Spark is great at parsing JSON into a nested StructType
on the initial read from disk, but what if I already have a String
column containing JSON in a Dataset
, and I want to map it into a Dataset
with a StructType
column, with schema inference that takes the whole dataset into account, while fully leveraging parallel state and avoiding reducing actions?
I know of functions schema_of_json
and from_json
, which are apparently intended to be used together to accomplish this, or something similar, but I'm having trouble finding actual working code examples, especially in Java.
I'll accept any answer that supplies a Java example and satisfies the goals of full schema inference and full non-reduced parallel operation. Or if that's not possible, the closest workaround.
I'm currently using Spark 2.4.0.
I've studied the following related question:
Implicit schema discovery on a JSON-formatted Spark DataFrame column
This question is similar to mine, though for Scala. There is no accepted answer. The OP announces in a comment that they have found a "hacky" solution to getting from_schema
to work. The problem with the solution, beyond "hackiness", is that it infers the schema from only the first row of the dataframe, so the types are likely to be too tightly constrained:
val jsonSchema: String = df.select(schema_of_json(df.select(col("custom")).first.getString(0))).as[String].first
EDIT: I tried the solution indicated here as discussed in comments below.
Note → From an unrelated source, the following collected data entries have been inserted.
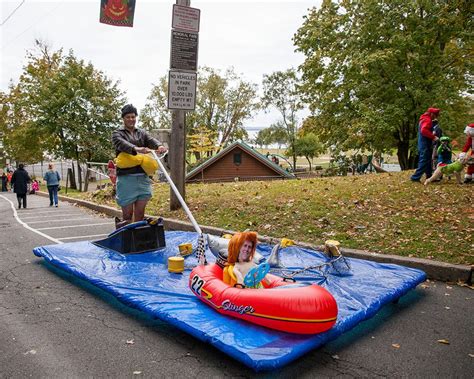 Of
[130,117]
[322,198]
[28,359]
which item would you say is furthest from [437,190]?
[28,359]

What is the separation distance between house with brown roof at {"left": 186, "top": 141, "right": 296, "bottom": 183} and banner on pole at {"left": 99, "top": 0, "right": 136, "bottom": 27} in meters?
19.8

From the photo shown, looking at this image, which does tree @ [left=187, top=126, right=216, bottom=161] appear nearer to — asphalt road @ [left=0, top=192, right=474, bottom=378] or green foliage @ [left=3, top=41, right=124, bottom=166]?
green foliage @ [left=3, top=41, right=124, bottom=166]

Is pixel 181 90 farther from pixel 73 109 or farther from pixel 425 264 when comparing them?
pixel 73 109

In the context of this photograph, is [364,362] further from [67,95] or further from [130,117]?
[67,95]

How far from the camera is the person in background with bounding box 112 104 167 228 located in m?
6.12

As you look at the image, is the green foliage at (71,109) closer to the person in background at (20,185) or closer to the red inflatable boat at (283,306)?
the person in background at (20,185)

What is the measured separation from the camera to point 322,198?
945 cm

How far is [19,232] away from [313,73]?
61.3 ft

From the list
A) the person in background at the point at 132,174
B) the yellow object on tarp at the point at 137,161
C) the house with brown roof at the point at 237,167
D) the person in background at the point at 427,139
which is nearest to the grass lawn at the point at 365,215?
the person in background at the point at 427,139

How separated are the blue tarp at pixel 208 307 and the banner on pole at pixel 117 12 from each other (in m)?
5.63

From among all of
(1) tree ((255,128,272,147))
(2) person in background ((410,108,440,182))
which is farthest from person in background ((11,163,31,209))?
(1) tree ((255,128,272,147))

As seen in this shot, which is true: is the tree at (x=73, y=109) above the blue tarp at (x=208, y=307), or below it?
above

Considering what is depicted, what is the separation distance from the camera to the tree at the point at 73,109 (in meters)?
29.2

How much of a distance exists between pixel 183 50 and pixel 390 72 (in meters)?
14.5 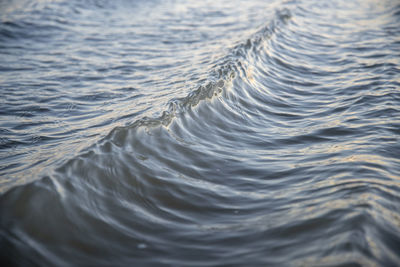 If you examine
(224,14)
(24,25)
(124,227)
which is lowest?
(124,227)

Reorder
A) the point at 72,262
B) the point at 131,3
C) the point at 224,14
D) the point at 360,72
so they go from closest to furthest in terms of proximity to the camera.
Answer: the point at 72,262 → the point at 360,72 → the point at 224,14 → the point at 131,3

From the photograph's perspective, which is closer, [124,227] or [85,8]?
[124,227]

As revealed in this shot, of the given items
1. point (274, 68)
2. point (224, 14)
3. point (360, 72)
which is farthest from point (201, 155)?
point (224, 14)

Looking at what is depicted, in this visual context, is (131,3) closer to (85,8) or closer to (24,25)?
(85,8)

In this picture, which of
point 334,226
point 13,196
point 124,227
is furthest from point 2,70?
point 334,226

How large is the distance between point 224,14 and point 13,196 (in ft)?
40.8

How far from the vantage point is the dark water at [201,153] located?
281 centimetres

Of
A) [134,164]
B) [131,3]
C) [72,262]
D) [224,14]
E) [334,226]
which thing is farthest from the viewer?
[131,3]

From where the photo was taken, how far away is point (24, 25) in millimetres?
11242

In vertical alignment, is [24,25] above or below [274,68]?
above

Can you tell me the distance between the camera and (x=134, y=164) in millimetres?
3859

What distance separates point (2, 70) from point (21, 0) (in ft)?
27.4

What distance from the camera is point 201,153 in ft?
14.1

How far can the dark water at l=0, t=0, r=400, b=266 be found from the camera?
2.81 meters
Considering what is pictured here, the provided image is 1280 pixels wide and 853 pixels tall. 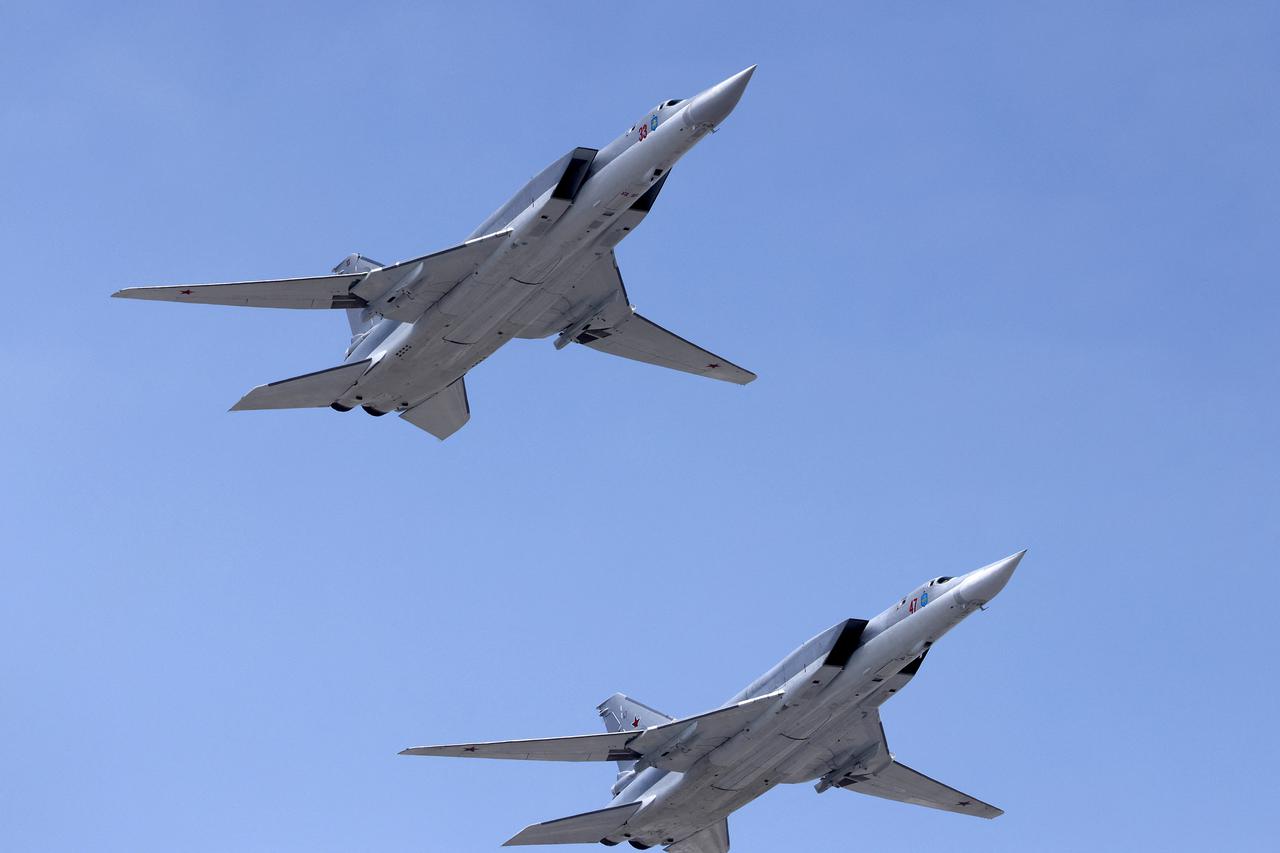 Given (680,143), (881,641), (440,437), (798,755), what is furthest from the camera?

Here's the implementation:
SparkSession spark = SparkSession
.builder()
.appName("example")
.master("local[*]")
.getOrCreate();
Dataset<Row> df = spark.read().text(conf.getSourcePath());
df.cache();
String schema = df.select(schema_of_json(col("value")))
.as(Encoders.STRING())
.first();
df.withColumn("parsedJson", from_json(col("value"), schema, new HashMap<String, String>()))
.drop("value")
.write()
.mode("append")
.parquet(conf.getDestinationPath());
From this code I obtained an error:
AnalysisException: cannot resolve 'schemaofjson(`value`)' due to data type mismatch: The input json should be a string literal and not null; however, got `value`.;;
'Project [schemaofjson(value#0) AS schemaOfjson(value)#20]
+- Relation[value#0] text
This error led me to the following Spark pull request: https://github.com/apache/spark/pull/22775
which seems to indicate that schema_of_json
was never meant to apply to a whole table in order to do schema inference on the entire thing, but instead to infer a schema from a single, literal JSON sample passed in directly using lit("some json")
. In that case, I don't know that Spark offers any solution for full schema inference from JSON on an entire table. Unless someone here can correct my read of this pull request or offer an alternative approach??